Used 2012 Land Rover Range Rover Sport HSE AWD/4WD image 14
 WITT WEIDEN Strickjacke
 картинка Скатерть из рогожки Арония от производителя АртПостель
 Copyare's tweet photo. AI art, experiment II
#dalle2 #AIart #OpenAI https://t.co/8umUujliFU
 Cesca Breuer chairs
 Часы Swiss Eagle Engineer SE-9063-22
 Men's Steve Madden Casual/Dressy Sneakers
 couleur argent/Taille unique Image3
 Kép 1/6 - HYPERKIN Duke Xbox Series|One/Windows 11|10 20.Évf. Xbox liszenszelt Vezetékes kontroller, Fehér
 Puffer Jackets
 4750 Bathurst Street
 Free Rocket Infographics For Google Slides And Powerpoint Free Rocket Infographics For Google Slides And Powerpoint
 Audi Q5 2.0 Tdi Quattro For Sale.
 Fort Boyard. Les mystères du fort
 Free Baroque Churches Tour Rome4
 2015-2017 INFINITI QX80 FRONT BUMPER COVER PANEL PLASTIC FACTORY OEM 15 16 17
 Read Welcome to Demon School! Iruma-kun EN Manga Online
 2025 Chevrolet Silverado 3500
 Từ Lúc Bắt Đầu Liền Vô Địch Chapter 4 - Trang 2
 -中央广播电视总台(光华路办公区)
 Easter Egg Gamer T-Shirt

■ ■ ■ ■

WHAT THE TASK ASKS:
Could you copy each line in the listing above that includes the word "Free"?

RESULT:
 Free Rocket Infographics For Google Slides And Powerpoint Free Rocket Infographics For Google Slides And Powerpoint
 Free Baroque Churches Tour Rome4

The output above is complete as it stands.